# Categorical

## Definition of Categorical

A categorical variable is a type of data that is represented by a list of values. These values can be either numbers or text, and they are usually organized into categories. Categorical variables are often used in data science to analyze the relationships between different factors.

## What is Categorical used for?

Categorical is a data type used in machine learning and data science that refers to values that are placed into specific categories. These categories can be determined from the data itself, or manually defined by the user. Categorical data can be further broken down into ordinal and nominal data types. Ordinal categorical data has an order associated with it, such as a rating scale from 1-10, whereas nominal categorical data does not have any order associated with it, such as gender or zip code.

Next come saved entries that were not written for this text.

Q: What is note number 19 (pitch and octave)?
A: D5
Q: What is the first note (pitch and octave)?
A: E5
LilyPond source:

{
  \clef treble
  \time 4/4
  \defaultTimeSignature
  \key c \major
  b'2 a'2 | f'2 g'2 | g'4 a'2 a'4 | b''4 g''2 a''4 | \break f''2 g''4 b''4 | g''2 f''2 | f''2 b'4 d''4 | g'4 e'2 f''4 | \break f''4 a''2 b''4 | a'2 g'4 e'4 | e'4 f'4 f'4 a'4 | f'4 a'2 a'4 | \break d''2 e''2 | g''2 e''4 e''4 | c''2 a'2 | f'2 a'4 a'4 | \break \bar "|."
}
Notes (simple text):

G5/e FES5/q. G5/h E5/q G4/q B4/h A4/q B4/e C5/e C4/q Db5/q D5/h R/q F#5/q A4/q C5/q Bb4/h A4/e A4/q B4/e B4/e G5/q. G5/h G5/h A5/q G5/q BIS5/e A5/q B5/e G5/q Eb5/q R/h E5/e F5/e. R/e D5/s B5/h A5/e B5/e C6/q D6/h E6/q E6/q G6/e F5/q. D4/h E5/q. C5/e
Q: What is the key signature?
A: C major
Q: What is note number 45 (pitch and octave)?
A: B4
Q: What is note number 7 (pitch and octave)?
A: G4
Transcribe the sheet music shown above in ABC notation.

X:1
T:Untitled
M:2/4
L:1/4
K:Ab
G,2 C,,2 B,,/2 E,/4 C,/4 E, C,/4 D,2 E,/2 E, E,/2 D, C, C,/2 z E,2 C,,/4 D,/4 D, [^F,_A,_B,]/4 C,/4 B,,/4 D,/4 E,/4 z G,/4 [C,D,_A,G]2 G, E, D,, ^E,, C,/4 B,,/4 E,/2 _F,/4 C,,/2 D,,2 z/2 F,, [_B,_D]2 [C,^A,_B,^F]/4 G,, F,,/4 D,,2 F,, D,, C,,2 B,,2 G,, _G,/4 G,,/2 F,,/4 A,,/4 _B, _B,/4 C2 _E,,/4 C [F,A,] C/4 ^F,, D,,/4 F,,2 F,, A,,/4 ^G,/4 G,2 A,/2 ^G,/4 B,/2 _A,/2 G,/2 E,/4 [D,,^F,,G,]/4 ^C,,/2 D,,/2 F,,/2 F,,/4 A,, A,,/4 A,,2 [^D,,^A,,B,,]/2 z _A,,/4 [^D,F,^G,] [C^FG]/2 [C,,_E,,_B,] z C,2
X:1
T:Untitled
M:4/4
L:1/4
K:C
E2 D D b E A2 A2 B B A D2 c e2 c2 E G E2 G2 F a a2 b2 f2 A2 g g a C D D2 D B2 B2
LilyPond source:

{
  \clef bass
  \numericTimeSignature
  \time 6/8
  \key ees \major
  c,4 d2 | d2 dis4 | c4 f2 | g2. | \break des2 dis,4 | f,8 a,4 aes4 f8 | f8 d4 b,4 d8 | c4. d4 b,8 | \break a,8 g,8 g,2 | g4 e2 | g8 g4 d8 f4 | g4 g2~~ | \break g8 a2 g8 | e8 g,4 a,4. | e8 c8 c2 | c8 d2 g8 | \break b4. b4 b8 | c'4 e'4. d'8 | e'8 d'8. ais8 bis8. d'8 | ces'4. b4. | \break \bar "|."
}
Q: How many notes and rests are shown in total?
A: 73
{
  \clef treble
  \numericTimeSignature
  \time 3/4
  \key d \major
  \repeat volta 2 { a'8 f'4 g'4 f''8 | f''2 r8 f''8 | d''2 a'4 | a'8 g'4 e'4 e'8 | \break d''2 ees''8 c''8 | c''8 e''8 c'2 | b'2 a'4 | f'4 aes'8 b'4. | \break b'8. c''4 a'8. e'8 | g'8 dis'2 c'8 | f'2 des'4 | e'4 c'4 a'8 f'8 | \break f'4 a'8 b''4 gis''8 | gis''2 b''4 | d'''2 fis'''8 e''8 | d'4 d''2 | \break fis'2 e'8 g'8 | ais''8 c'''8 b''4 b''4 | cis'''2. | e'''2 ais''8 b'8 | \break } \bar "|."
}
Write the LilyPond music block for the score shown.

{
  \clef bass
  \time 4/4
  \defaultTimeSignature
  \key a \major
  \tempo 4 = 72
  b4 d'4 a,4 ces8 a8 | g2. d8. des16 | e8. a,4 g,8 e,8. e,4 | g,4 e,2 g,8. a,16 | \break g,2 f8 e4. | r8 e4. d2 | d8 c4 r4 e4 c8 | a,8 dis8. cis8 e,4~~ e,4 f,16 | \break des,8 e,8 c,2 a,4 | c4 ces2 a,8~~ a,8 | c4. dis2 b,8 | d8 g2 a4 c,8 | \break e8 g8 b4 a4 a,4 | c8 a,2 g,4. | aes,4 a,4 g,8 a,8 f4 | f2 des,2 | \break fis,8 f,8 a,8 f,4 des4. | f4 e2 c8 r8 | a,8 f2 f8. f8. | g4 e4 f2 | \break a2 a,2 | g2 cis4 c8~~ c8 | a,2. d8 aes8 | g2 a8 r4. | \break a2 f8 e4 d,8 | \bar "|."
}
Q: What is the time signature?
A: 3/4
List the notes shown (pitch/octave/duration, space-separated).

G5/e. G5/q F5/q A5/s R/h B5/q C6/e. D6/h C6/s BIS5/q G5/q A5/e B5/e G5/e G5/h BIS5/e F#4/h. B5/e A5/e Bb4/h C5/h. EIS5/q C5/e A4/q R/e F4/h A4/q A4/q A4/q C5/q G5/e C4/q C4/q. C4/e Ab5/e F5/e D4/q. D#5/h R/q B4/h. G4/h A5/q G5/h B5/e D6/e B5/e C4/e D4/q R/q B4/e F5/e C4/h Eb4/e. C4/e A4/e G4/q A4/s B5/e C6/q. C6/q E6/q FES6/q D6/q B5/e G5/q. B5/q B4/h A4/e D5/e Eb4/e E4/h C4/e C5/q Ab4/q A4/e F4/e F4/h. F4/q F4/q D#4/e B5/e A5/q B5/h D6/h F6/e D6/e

Categorical data is used in many applications of machine learning and data science as it allows for more accurate modeling of complex relationships between variables, compared to continuous numerical values. For example, when predicting a customer’s risk profile, it would be important to include information about their age group and income level which are both categorical variables, rather than using just a single numerical value such as “age” or “income”. Similarly in natural language processing, words can be categorized into different classes by their part of speech (e.g., verb, noun). Categorical variables also provide more intuitive ways of understanding trends in the dataset compared to continuous numerical values. For example, looking at the average ages across countries may give us more insight than simply looking at the population figures for each country on its own.